* **DATA SEGMENT**:
+ + +

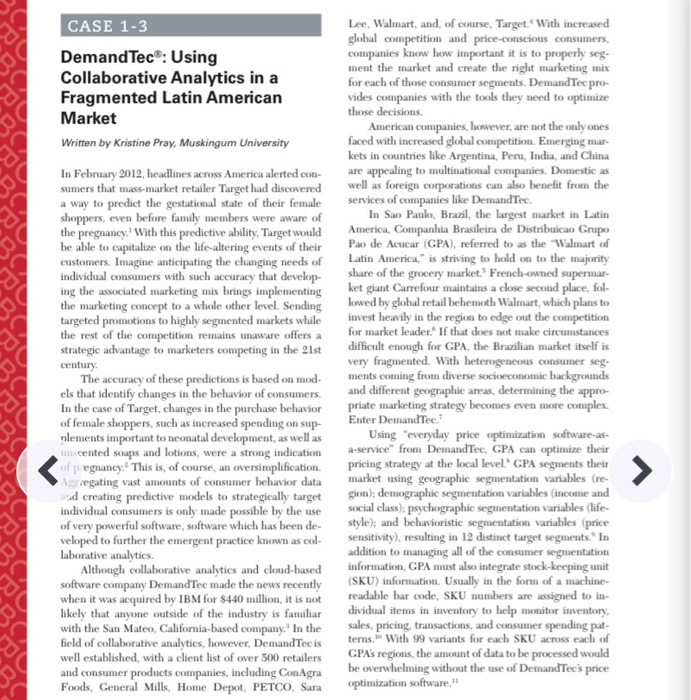 questins from 1-5 CASE 1-3 Demand Tec: Using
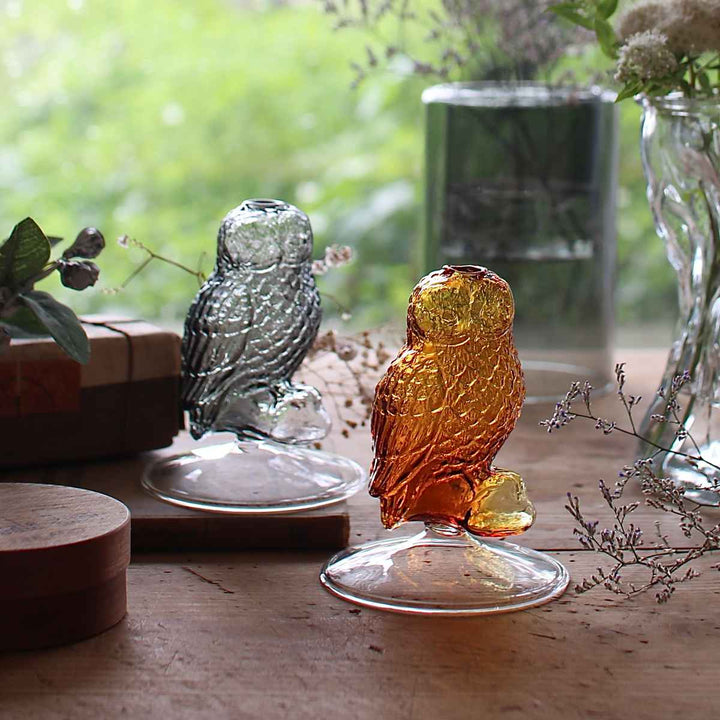 花瓶ガラスフクロウベース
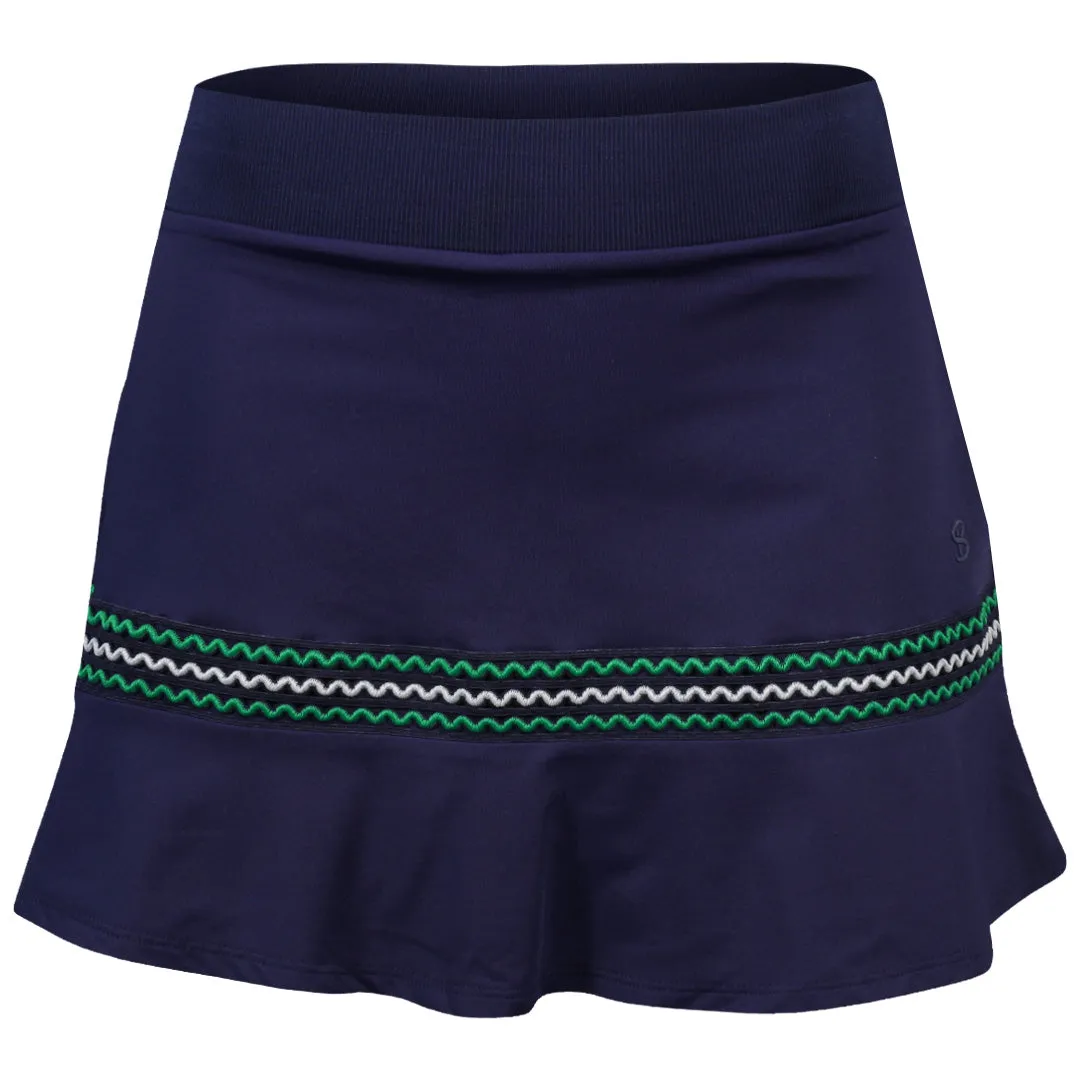 Sofibella Women's Green Spirit 14" Skort - Navy Stylish Design Metallic Details Printed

+ + +

* **DIRECTIONS**: Line by line, restate the data above exactly as it stands, minus the pictures.

* **TASK SOLUTION**:
 questins from 1-5 CASE 1-3 Demand Tec: Using
 花瓶ガラスフクロウベース
 Sofibella Women's Green Spirit 14" Skort - Navy Stylish Design Metallic Details Printed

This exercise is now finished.